Use Predictive Analysis to Gauge the Effect of a Price Change or a Promotion on Sales
- by Sunil Mehta, Solution Architect, SAP
- Biswajit Biswas, Subject Matter Expert in SAP Analytics, SAP GD
- October 11, 2013
Predict the outcome of a promotional program or price change on sales figures using predictive analysis. Sunil Mehta and Biswajit Biswas provide step-by-step instructions that focus on the food and beverage industry.
Exponential smoothing is used to revisit, review, and revise forecast values based on comparison of historical data. This smoothing follows the concept of weighted averages. Older observations are given a lower weightage and more recent ones have a higher weightage. A selection of algorithms allows you to consider sales trends and seasonality in your forecasts.
A pizza chain wants to increase its sales volumes and its marketing team has come up with several ideas to promote sales. Because of budget constraints, the company doesn’t want to invest heavily. Therefore it would like to do some scientific analysis before it decides to invest in any of the promotional schemes.

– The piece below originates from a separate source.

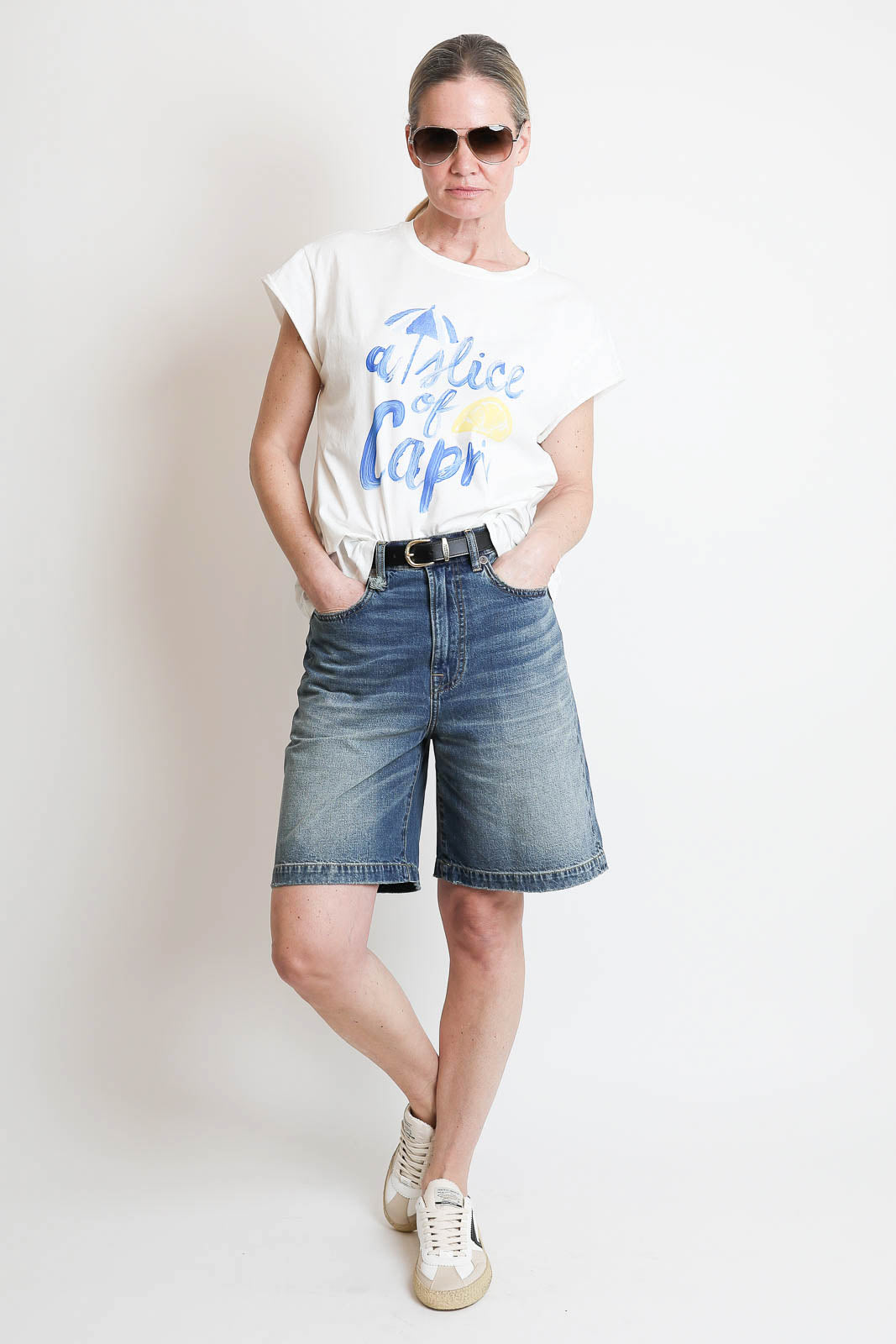 Bowery, T-Shirt Slice of Capri in Weiss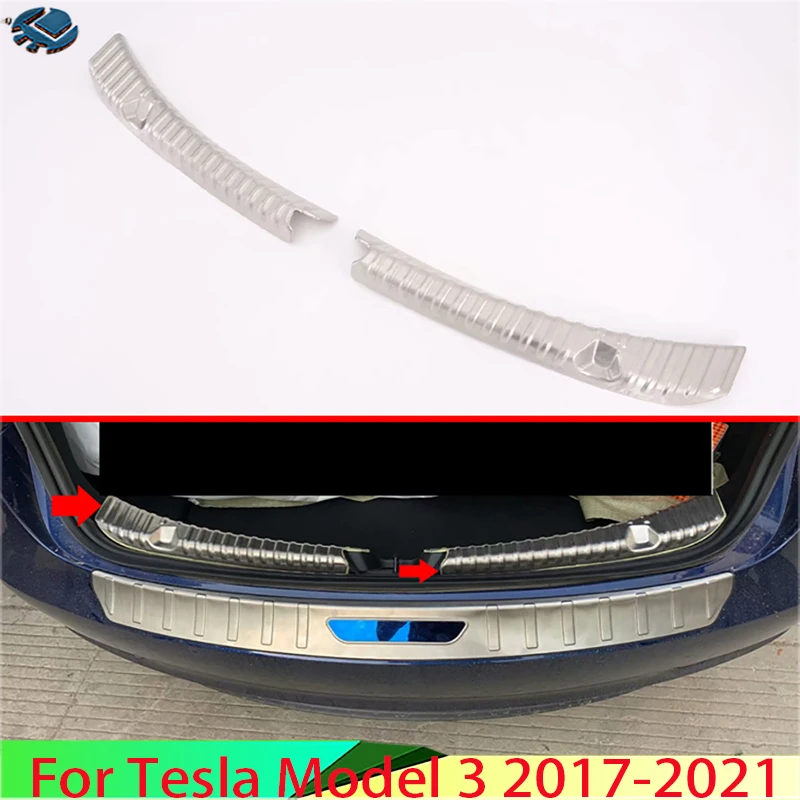 

Для Tesla Model 3 2017-2022 автомобильные аксессуары из нержавеющей стали задняя внутренняя накладка на багажник накладка на порог молдинг гарнир 2020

The statistical analysis of the historical data would uncover hidden trends, allowing the company to evaluate the promotional schemes linked to such trends. It could then ascertain the probable impact on sales. The data is already available; the company just needs the right model to be created in the SAP BusinessObjects Predictive Analysis tool.
We first show how to see the impact of a promotion scheme in different markets across a region, with the emphasis on how to identify the impact of a price change and a scheme. For this purpose you need marketing data.
We then focus on forecasting future sales, a method that requires historical sales data.